I agree with you 100% the new Hyatt resorts for a 2200 point week are going to be close or over 100k in Maui, to judge this price just look next door at the Marriott maui and their 2 new towers 100K+-

That is why I have been saying if you can get a 2200 point week for 21-23k you will be ahead of the game.

Thank you again for all those great Maui pictures!!


----------



## benjaminb13

GTLINZ said:


> I have been looking at buying into Hyatt, and I think that the existing owners are getting a raw deal because this is a BAD thing. I would like to hear from Kal on this, but here is what I am thinking.
> 
> Yes, you will likely have easy access (especially offseason) into these newer fractional units at great locations.
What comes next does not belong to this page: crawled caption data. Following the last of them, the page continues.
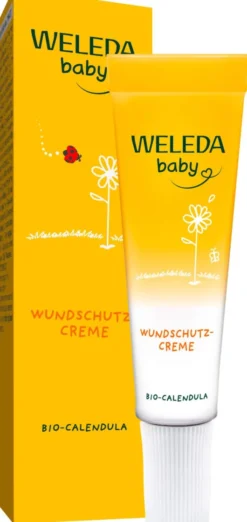 Weleda Calendula Wundschutzcreme 10ml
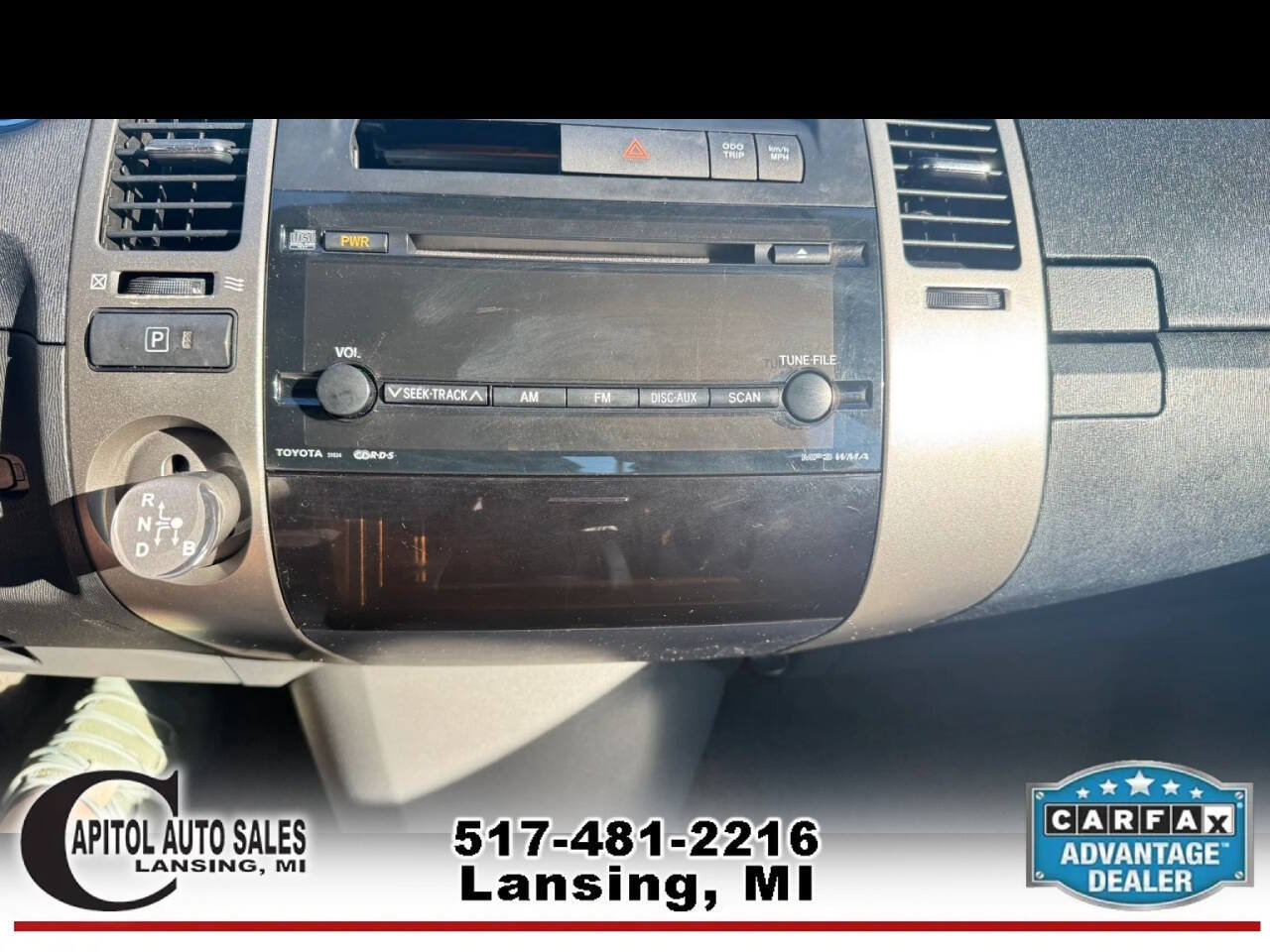Used 2008 Toyota Prius FWD image 20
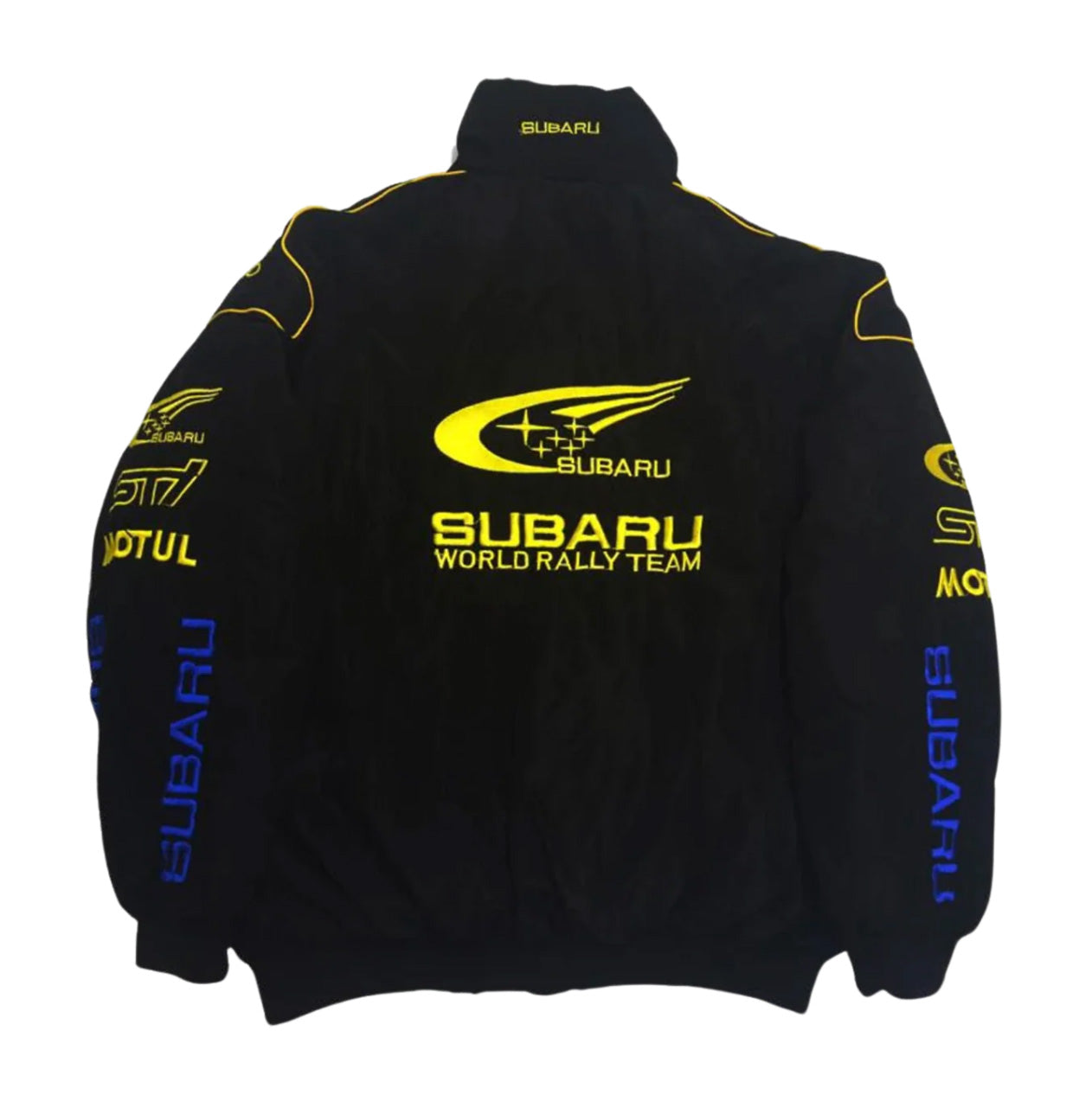 Subaru Rally Racing Jacket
But you will also have owners in these fractional units with enough points (besides their owned week) to compete with everyone else for peak units at existing (and fractional) locations WITHOUT giving up their week. The more fractional units are sold, the harder it will get to trade into the existing non-fractional units. Looks to me like Hyatt is pushing you towards playing it safe and using the unit/week you own because the big money boys are getting to play both sides of the fence.
> 
> I am looking at this from the outside, but this does not look good to me



HI Glintz
Heres another point of view- even without fractionals Hyatt still has great resorts and a killer system. 
the fractionals - are a plus-  so every once in a while a member can experience extra points to stay in a 100000 resort- even if it is the off season 
I noticed you own at HGVC- I do to- If you havent yet, check a HVC out ,youll really notice an upgrade in quality.


----------



## GTLINZ

benjaminb13 said:


> HI Glintz
> Heres another point of view- even without fractionals Hyatt still has great resorts and a killer system.
> the fractionals - are a plus-  so every once in a while a member can experience extra points to stay in a 100000 resort- even if it is the off season
> I noticed you own at HGVC- I do to- If you havent yet, check a HVC out ,youll really notice an upgrade in quality.



Thanks Benjaminb13.

I am considering buying Hyatt and trying to figure out how the system works. I have done a lot of research and am alway suspicious of change since timeshare companies are in it for the buck. Not sure why I have to get attacked, but from reading previous posts I am not surprised that I was. It does not bother me - I just want to learn and the type of discussion here is supposed to be the point of these forums. I own HGVC, I understand it and try to post on that board to help people that are asking questions. Tug is a great resource and was instrumental in helping me before I ever bought a timeshare. Kal seems to be the champion for HVC and I hope to hear his opinion on this. Carmel said he is on vacation.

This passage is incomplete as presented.